## Required action
Going down the listing below, print exactly each line from the one with "Poster - robot" up to and including the one with "Single Event Genesee", and skip the rest.

┌─ Raw data

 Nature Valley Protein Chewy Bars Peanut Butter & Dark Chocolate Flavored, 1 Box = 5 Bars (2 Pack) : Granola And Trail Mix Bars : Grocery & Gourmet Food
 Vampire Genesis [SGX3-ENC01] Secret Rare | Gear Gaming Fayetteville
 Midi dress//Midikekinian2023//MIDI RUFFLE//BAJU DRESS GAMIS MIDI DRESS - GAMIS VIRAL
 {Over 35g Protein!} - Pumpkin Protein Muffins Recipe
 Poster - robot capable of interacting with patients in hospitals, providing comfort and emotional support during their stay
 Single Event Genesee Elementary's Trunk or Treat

└─
┌─ Raw data

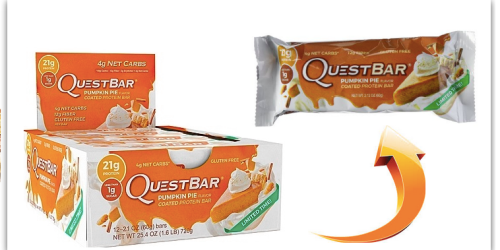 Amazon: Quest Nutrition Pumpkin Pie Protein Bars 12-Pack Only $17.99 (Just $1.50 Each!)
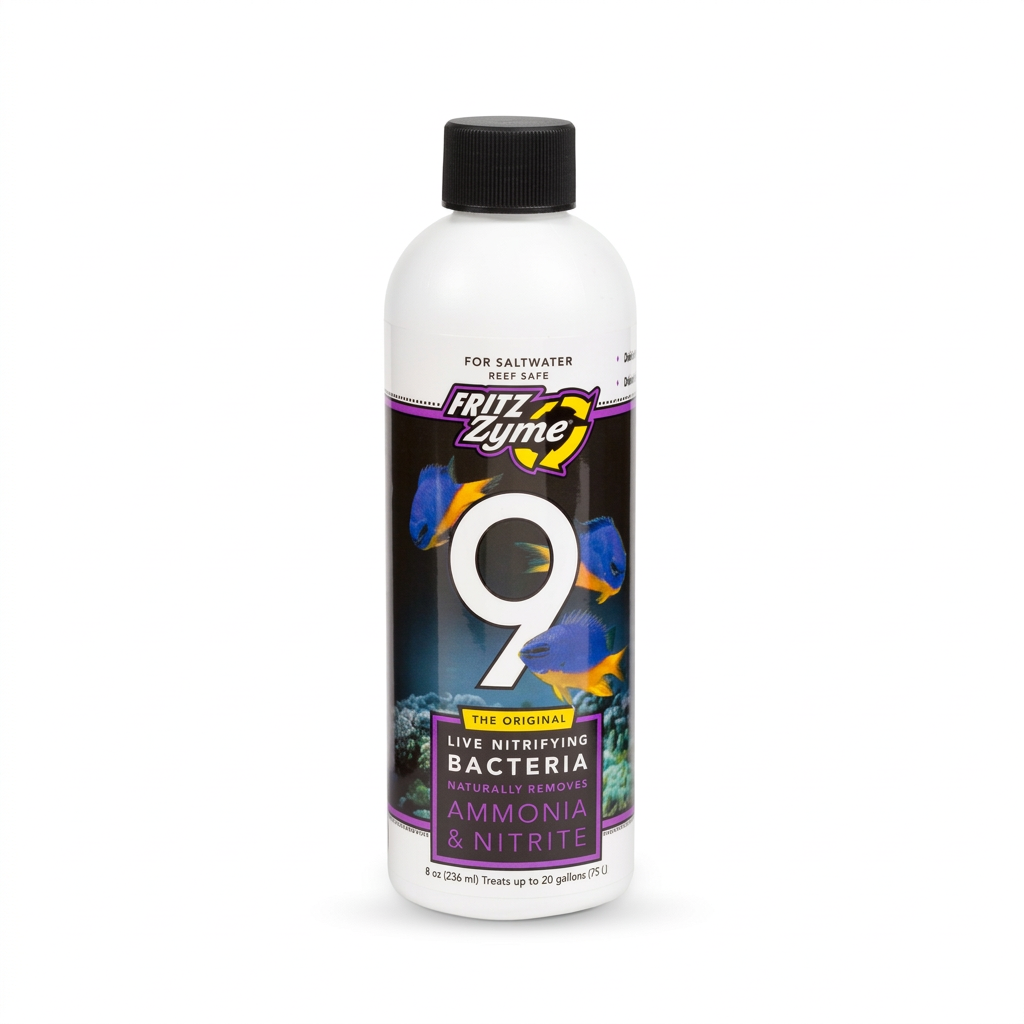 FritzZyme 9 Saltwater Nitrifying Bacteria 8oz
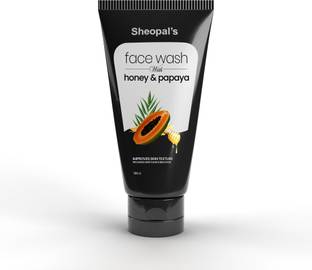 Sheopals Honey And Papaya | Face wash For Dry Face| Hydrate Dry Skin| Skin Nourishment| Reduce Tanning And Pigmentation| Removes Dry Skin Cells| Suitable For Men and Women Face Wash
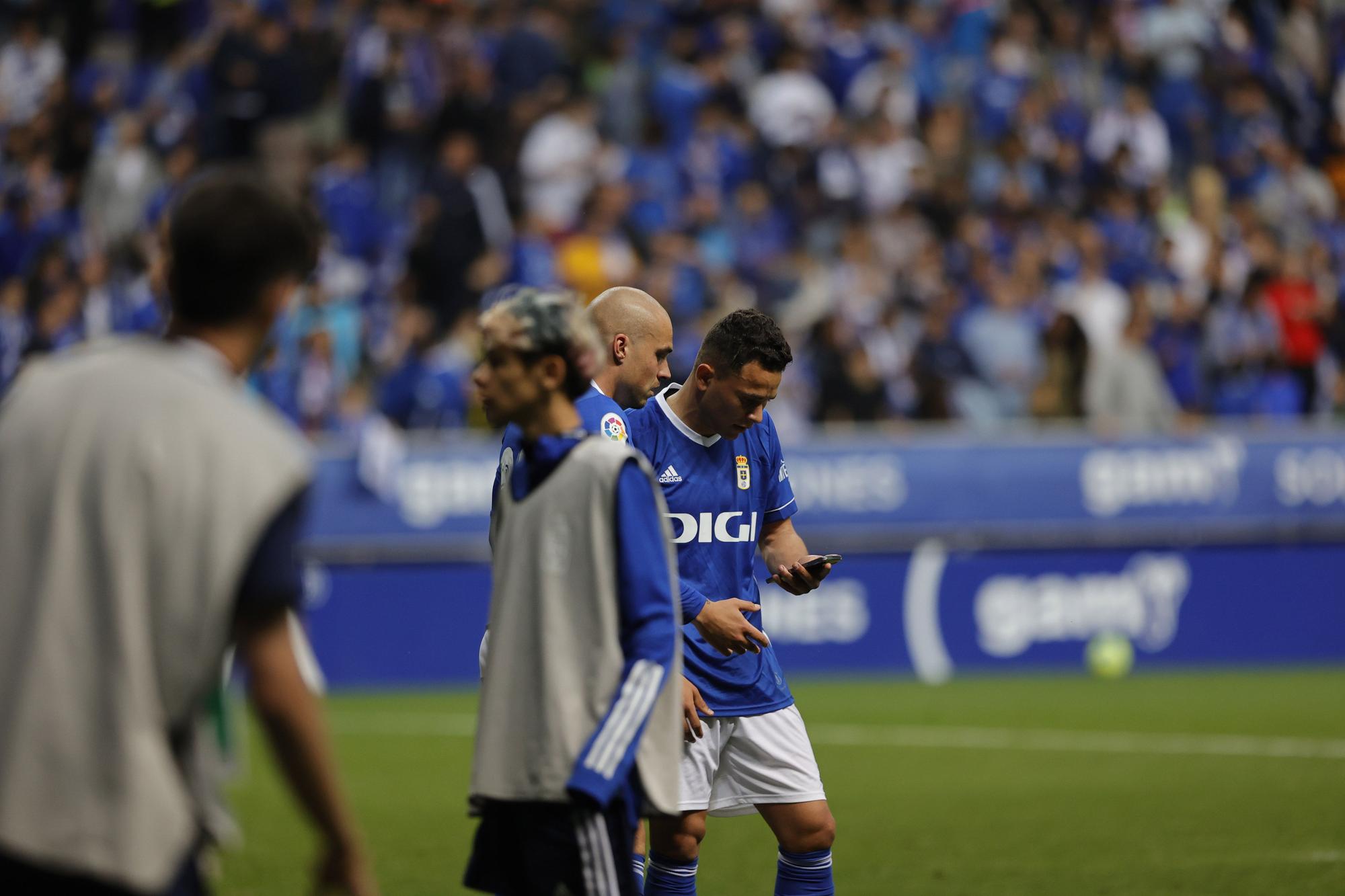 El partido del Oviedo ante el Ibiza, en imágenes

└─
┌─ Raw data

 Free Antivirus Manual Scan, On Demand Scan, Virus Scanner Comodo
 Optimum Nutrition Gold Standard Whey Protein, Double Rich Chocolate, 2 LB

└─

## Answer for the task
 Poster - robot capable of interacting with patients in hospitals, providing comfort and emotional support during their stay
 Single Event Genesee Elementary's Trunk or Treat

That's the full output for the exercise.